The collapse of Silicon Valley Bank and Signature Bank in March and First Republic Bank in May didn’t lead to the broad financial system meltdown many feared it would, but it still created shockwaves the commercial real estate industry felt for the rest of the year.
The Federal Deposit Insurance Corp. moved quickly to guarantee the loans and shore up confidence in the American banking system, but in the months that followed, underwriting tightened and regional banks, which held 62% of outstanding CRE bank loans in 2019 and had been growing their market share, pulled back from lending to the industry. In the second quarter, regional banks accounted for 25% of all new CRE loans over $2.5M, a 900-basis-point drop from Q1.

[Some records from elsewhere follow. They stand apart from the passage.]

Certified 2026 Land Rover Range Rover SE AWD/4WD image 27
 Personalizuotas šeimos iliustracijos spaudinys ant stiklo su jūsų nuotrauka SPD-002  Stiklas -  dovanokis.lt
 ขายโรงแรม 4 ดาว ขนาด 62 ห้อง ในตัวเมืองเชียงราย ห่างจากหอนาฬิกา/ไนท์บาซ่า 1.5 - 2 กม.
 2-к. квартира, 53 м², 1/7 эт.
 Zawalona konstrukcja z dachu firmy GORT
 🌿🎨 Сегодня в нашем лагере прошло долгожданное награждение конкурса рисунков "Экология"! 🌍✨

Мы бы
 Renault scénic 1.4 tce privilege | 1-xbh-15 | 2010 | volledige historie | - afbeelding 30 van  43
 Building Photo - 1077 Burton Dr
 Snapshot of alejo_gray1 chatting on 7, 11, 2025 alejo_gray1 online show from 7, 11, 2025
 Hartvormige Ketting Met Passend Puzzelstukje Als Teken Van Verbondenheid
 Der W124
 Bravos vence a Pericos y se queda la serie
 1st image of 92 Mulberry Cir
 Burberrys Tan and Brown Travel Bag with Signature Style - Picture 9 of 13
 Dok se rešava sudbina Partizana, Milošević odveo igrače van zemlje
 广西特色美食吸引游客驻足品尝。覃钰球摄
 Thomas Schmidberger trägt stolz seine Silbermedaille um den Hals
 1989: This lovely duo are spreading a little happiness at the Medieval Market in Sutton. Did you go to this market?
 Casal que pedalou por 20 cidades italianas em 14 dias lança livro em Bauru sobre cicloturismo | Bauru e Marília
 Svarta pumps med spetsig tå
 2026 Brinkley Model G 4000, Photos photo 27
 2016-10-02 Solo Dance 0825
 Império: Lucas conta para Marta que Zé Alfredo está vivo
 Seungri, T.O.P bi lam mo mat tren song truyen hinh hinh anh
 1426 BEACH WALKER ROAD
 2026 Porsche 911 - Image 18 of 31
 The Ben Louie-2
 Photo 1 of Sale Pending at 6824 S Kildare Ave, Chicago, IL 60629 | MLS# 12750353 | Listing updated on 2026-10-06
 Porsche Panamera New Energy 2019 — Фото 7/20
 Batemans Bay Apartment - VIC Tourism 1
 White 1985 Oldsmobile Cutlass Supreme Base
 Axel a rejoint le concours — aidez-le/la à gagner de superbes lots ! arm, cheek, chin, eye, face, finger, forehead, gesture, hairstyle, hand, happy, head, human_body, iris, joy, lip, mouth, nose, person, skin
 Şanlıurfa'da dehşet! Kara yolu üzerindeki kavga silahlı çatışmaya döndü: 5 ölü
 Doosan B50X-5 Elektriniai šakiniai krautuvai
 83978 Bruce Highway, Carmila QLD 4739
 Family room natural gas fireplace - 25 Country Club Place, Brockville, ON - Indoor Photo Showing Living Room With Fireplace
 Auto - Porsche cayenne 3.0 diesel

As the year wore on, commercial real estate became more of a problem for smaller regional banks. In October, 15 of the 18 regional banks with assets ranging from $50B to $250B reported year-over-year spikes of an average of 80% in nonperforming loans. Next year could be even worse. Facing a potential $80B in losses from CRE loans next year, more regional banks — perhaps dozens or as many as 300 — could fail in 2024, a paper from the National Bureau of Economic Research said this month.
SVB and Signature had nearly $39B of real estate loans on their combined books, and First Republic had roughly $141B. While the FDIC sold SVB to First Citizens and First Republic to JPMorgan Chase, Signature's real estate loans were trickier to deal with because of their concentration in New York City, particularly in rent-stabilized housing. But the year ended with a resolution: The FDIC auctioned off stakes in the majority of Signature's loans in three chunks. A joint venture of Blackstone, the Canada Pension Plan Investment Board and Rialto Capital shelled out $1.2B for a 20% stake in a $16.8B CRE loan portfolio.
Santander Bank purchased a 20% equity interest in a $9B portfolio of rent-stabilized multifamily loans for $1.1B, and Community Preservation Corp., Related Fund Management and Neighborhood Restore Housing Development Fund paid $171M for a 5% stake in a 35,000-unit rent-stabilized portfolio. The sale, which comes to 59 cents on the dollar, was being closely monitored, as it could reset property pricing citywide. It could still be disputed: A group led by Brookfield, which had bid 80 cents on the dollar, previously said it would launch a formal protest if CPC’s bid won.